遊戲已經改變了。一方面,“多德-弗蘭克”金融改革法(Dodd-Frank)等法規似乎讓這個行業更安全了(暫且不提該法含有明顯缺陷)。

At the same time, many of the current crop of bank chief executives are so dull that they are harder to attack. Brian Moynihan of Bank of America and Michael Corbat of Citigroup are too bland to be easy political targets.

同時,當前這批銀行首席執行官中,許多人過於平淡無奇,更難被當作攻擊對象。美國銀行(Bank of America)首席執行官布賴恩•莫伊尼漢(Brian Moynihan)和花旗集團 (Citigroup)首席執行官邁克爾•科爾巴(Michael Corbat)過於沉穩,不容易成爲政治靶子。

Moreover, the issues thrown up by Wall Street are increasingly geeky. Regulators and politicians face the prospect not of bank collapses but of sifting through the arcane entrails of reforms ushered in by Dodd Frank.

此外,華爾街拋出的問題越來越專業化。監管機構和政治人士面臨的不是銀行破產的前景,而是梳理“多德-弗蘭克”法所開啓的改革的晦澀細節。

So, as memories of the crisis fade, what voters are most worried about is not whether their savings are safe or whether bankers are earning fat bonuses. Instead, what is on the radar screen are issues such as the scandal of sky-high student loans, disappearing middle-class jobs, police racism or the poor state of education.

因此,隨着人們對於金融危機的記憶逐漸消逝,選民們現在最憂慮的不是他們的存款是否安全,或者銀行家是否賺取了優厚的獎金,而是學生貸款超高的醜聞、逐漸消逝的中產階層就業機會、警察的種族主義或者教育水平低下。

And politicians are shifting tack in response. Take a look at Bernie Sanders, the main leftwing challenger to Mrs Clinton who is doing surprisingly well in the polls. Last month he launched his campaign in Vermont with a blistering attack on “wealth inequality” and the “greed” of the “billionaire class”. In this, he called for tax reform and a big new state programme of infrastructure investment — and denounced Mr Obama’s policies on trade. But, while he also included a standard attack on Wall Street — and a call to break up the banks — this was a minor, barely remarked upon section of the speech.
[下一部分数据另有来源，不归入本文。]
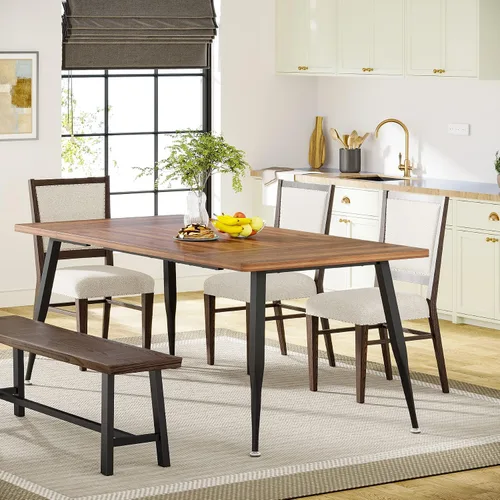 Vista 2 de LITTLE TREE Muebles de cocina rectangulares grandes de la mesa de comedor de 70,9 pulgadas, marrón+negro
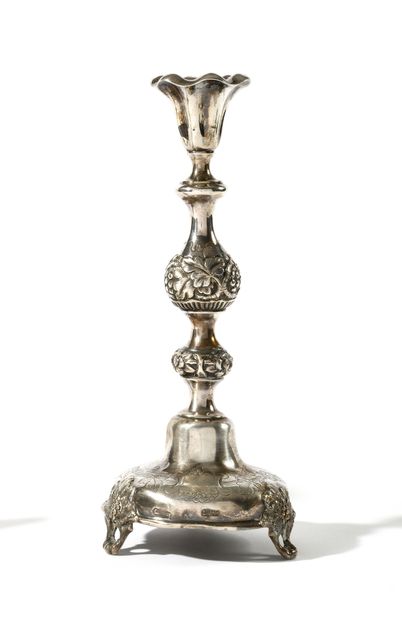 CANDLESTICK DECORATED WITH A FLORAL DESIGN

Engraved...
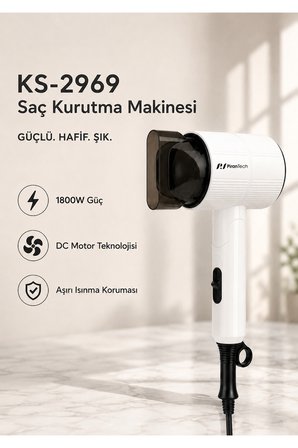 KS-2969 1800W 4 Kademeli Hız/Sıcaklık Ayarlı Yoğunlaştırıcı Başlıklı Saç Kurutma Makinesi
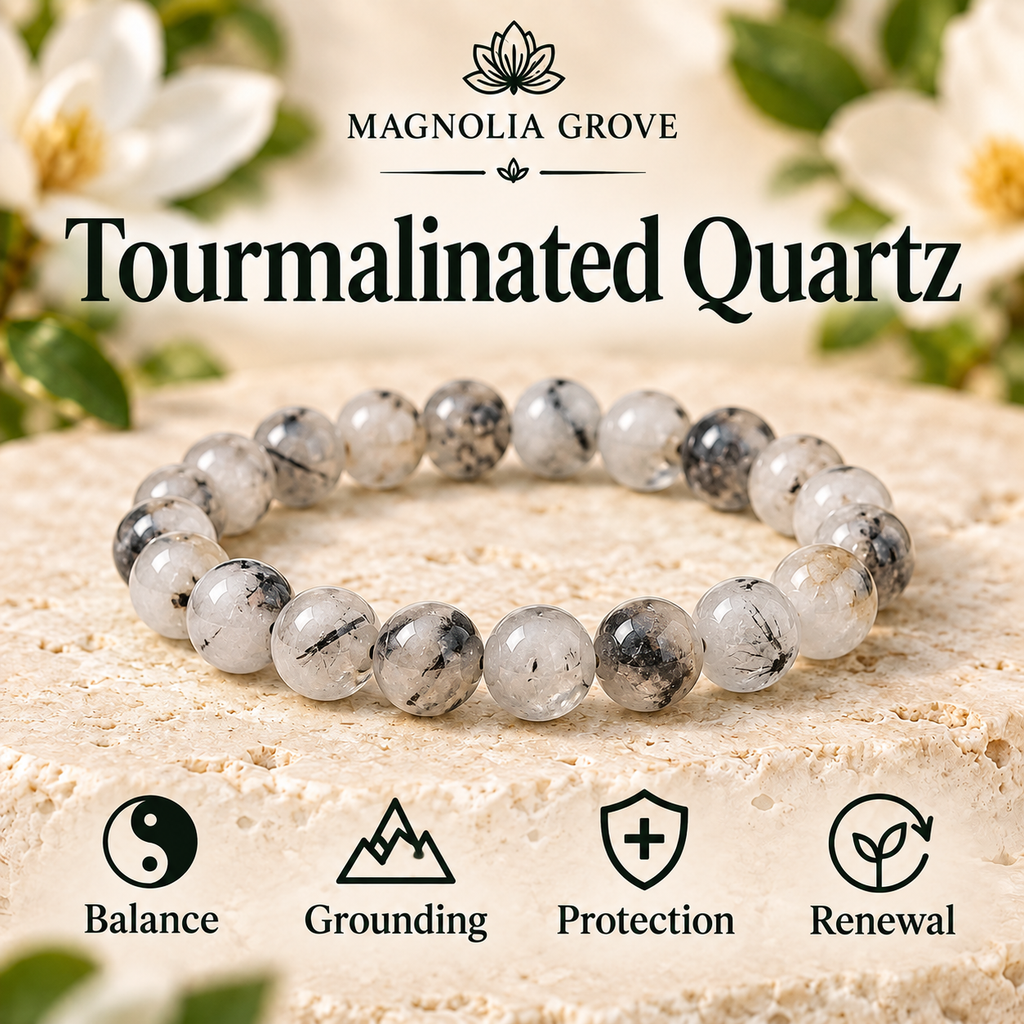 Tourmalinated Quartz 8mm stretch bracelet hero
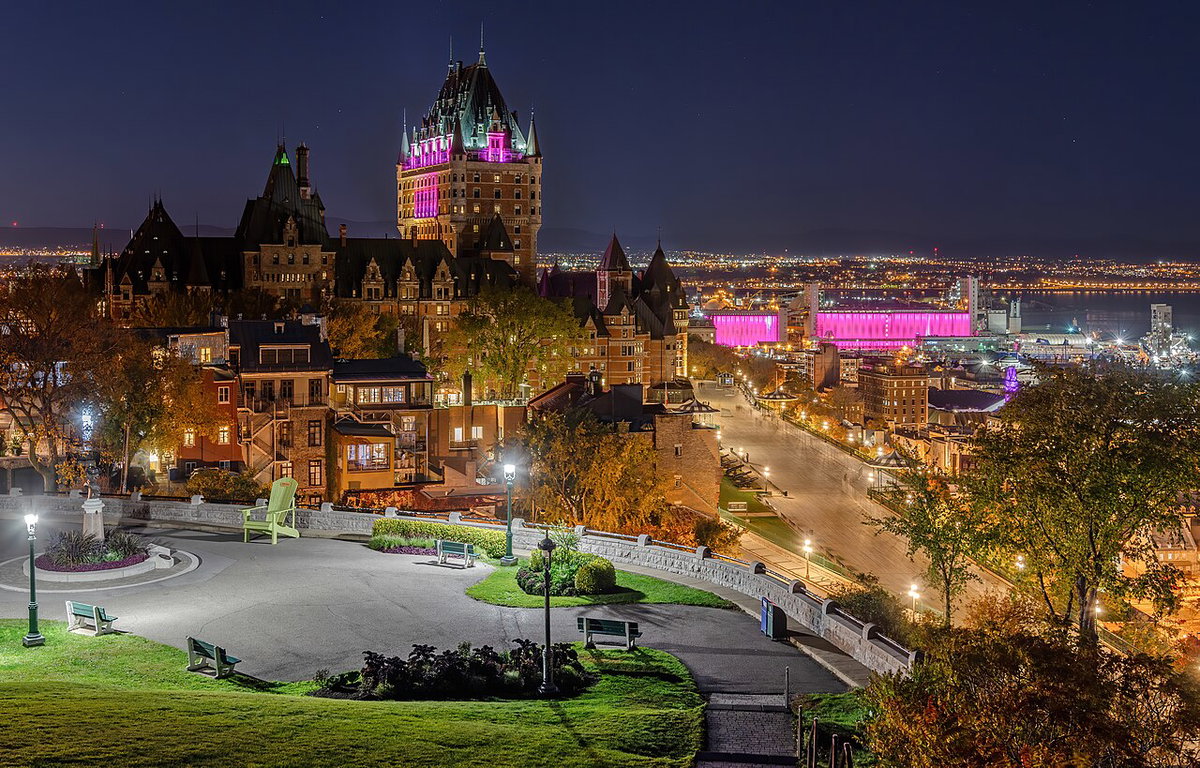 Château Frontenac at night, Quebec Ville, Canada, Quebec City, Canada, 2020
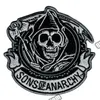 Fashion SOA Reaper Crew Embroidered Iron On Patch Motorcycle Heavy Metal Punk Applique Badge Front Patch 3 5 G0448272d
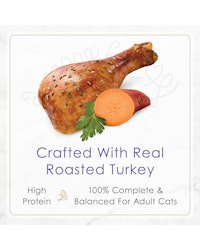 Crafted with real Turkey and Sweet Potatoes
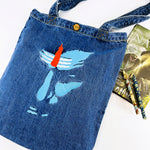 "The Blues of Lord Shiva" Denim Tote Bag | Blue Denim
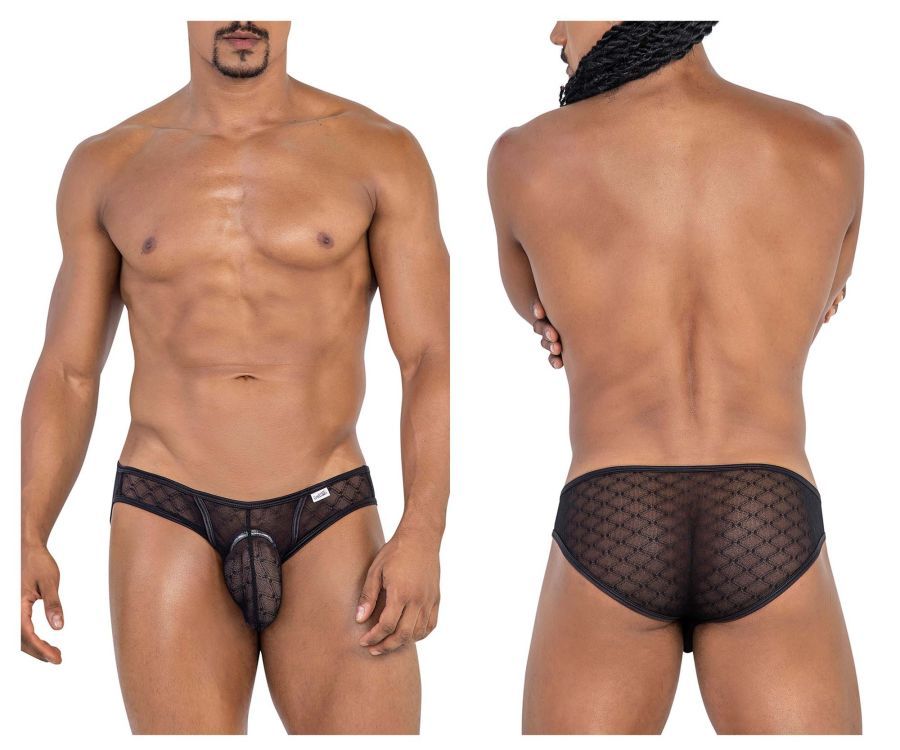  Mesh Briefs , Color: Black, Size: S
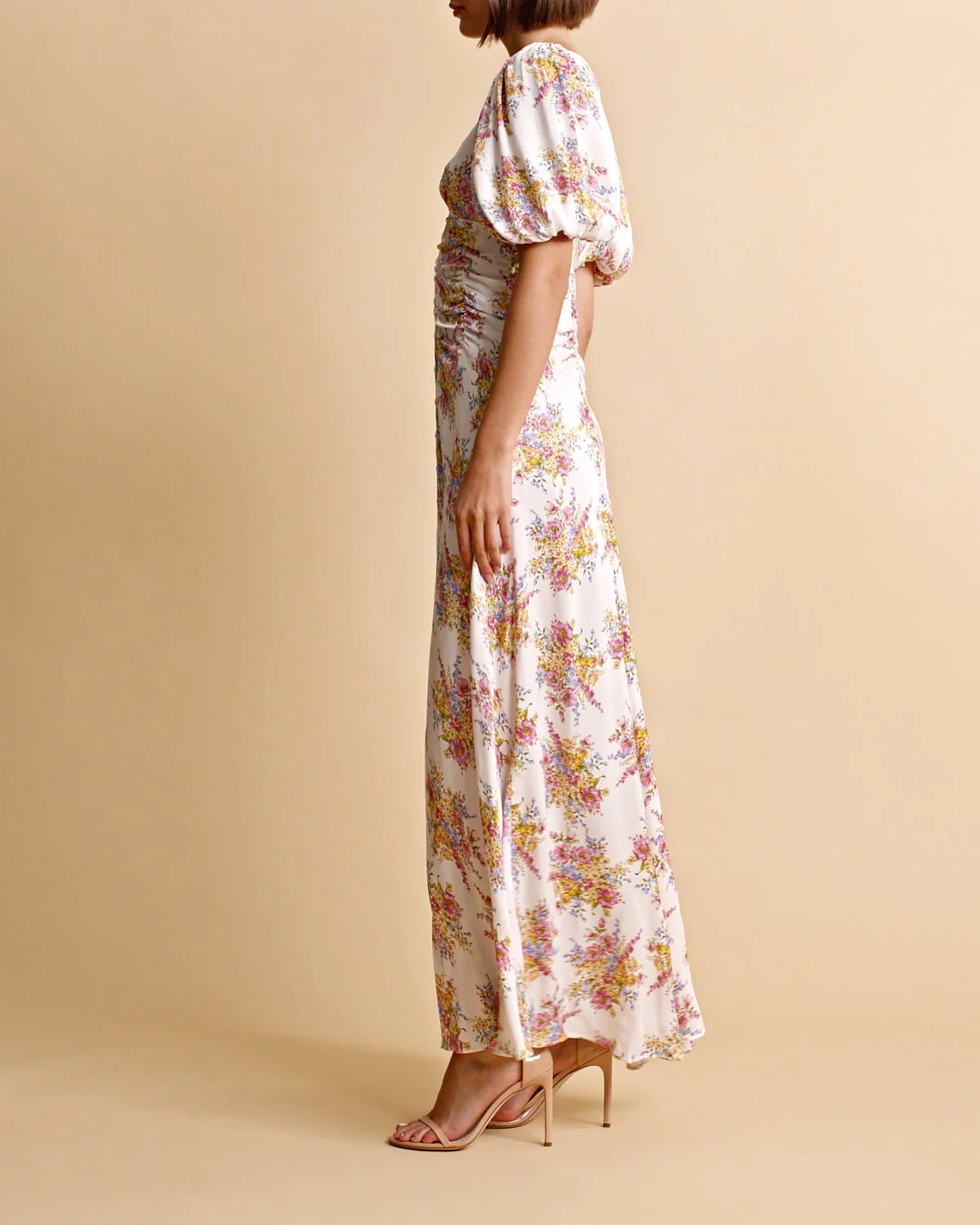Crepe Satin Rouching Gown Bright Bouquet - Image 7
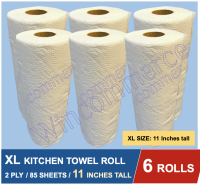 6 BIG ROLLS Kitchen Towel Tissue Roll 2 ply 170 sheets VIRGIN PULP Kitchen Tissue Roll Long Paper Towel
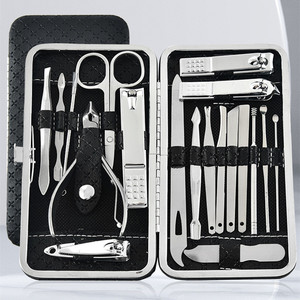 Coupe-ongles professionnel en acier inoxydable 19 en 1, <span class=keywords><strong>kit</strong></span> de toilettage de voyage, ensemble manucure et pédicure, outils de soins personnels - Product Image 3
而政治人士也據此改變了策略。看看希拉里•克林頓主要的左翼挑戰者伯尼•桑德斯(Bernie Sanders)吧,他在民調中的表現好得令人吃驚。上月,他在佛蒙特州(Vermont)開始競選活動,對“財富不平等”和“億萬富翁階層”的“貪婪”發起了言辭辛辣的攻擊。他呼籲進行稅制改革,推行新的大規模國家基礎建設投資計劃——還譴責了奧巴馬的貿易政策。但是,儘管他的發言中包含了對華爾街的標準化攻擊——以及分拆銀行的呼籲——但這只是一個次要部分,只是在演講的一部分簡單提及。

To many bankers, this rhetorical shift will seem like good news. Perhaps for the Clinton campaign, too, which has close ties with many Wall Street financiers. It is less welcome, however, for anyone who hopes to secure those trade deals without further protest.

對很多銀行家來說,這種言辭上的轉變似乎像是好消息。或許對希拉里•克林頓的競選來說也是如此,她與華爾街很多金融家關係密切。然而,對於任何希望確保達成貿易協定而不招致更多抗議的人來說,這種轉變就不那麼受歡迎了。

Either way, the vital point is this: as the level of banker-bashing ebbs, populist leftwing American protest could coalesce around all manner of unexpected themes. America’s C-suite should be warned: the fight over trade may be just a portent of a bigger trend.

無論如何,關鍵點是:隨着抨擊銀行家的激烈程度漸漸減輕,美國左翼民粹主義勢力可能會圍繞各式各樣意想不到的主題團結起來。美國企業的高層應該當心了:關於貿易的爭鬥或許只是一種更大趨勢的前兆。